The problem with NaN fold changes arose when one or more of the groups for
a particular transcript had all zero counts. In this case, NaNs could be
introduced for all the coefficients, not just for the group with zero
counts. It affected only the fold changes, the likelihood ratio statistic
and p-values were unaffected.
Just FYI, the reason for the bug is because glmFit() is trying to be a bit
clever. glmFit() detects whenever your design matrix is equivalent to a
oneway layout. If so, it calls a special-purpose algorithm implemented in
mglmOneWay() to fit a oneway layout. The algorithm estimates the
log-expression for each group, which of course is -Inf if all the counts
are zero. The problem arises when the function converts the
log-expression values to the parametrization implied by your design
matrix. R unfortunately converts most calculations with -Inf values to
NaN. The problem has been fixed in mglmOneWay() by converting -Inf
log-expression values to -1e8.
You do need to upgrade to the devel versions of both edgeR and limma.

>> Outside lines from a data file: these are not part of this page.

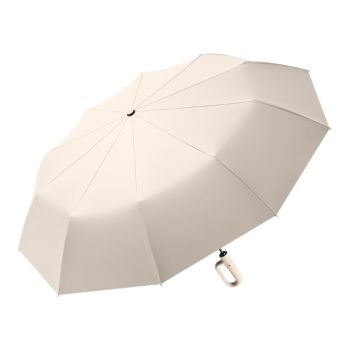 Automatic Open Close Folding Umbrella 105cm Large Canopy Windproof Double Ribs Travel Rain Umbrella-Beige
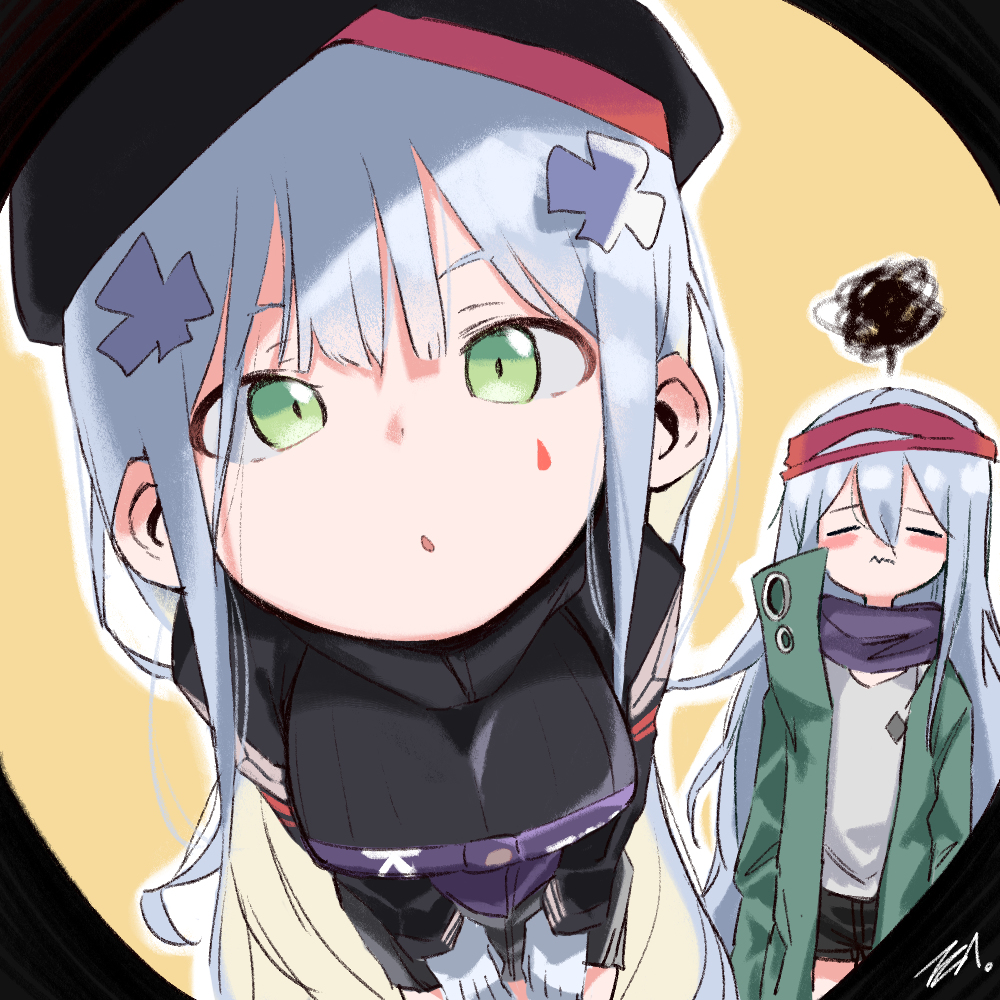 This is a pixiv picture whose title is HK416, G11.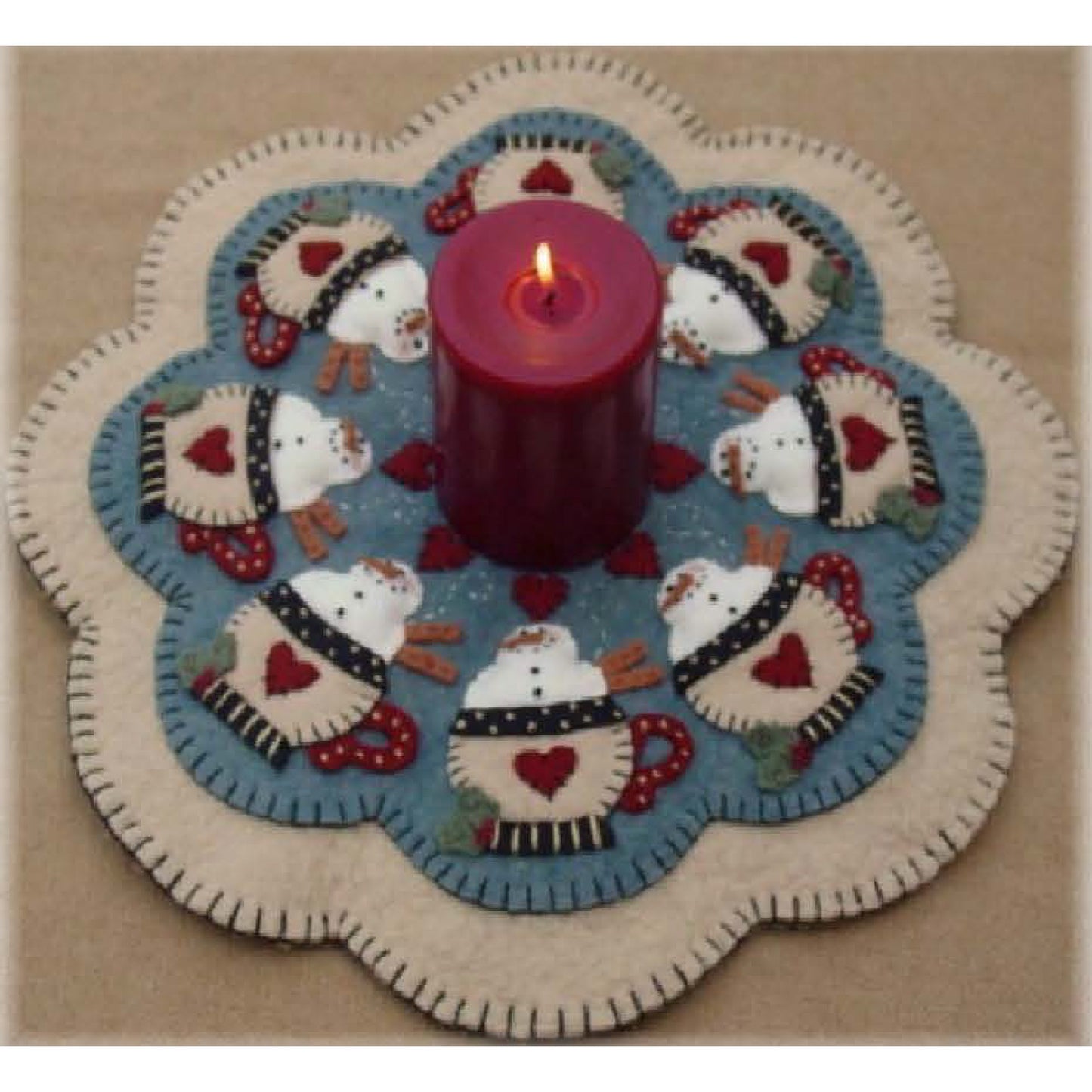 Santa's Cocoa Penny Rug Candle Mat Snowman PLP-118e - Downloadable Pattern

The recommended way to do this is to install R-devel, then use
biocLite("limma") etc at the R prompt.
The fold changes when one group has entirely zero counts are in principle
infinite. The actually values reported by edgeR or other packages are
usually set to some large value, and are therefore somewhat arbitrary in
actual value, except in that they are larger than other fold changes.
When comparing glmLRT() with exactTest(), the p-values will naturally be
most different when some of the counts are very small, and zero is the
smallest value that is possible. It is also naturally in this case that
the p-values are most discrete. This is to be expected.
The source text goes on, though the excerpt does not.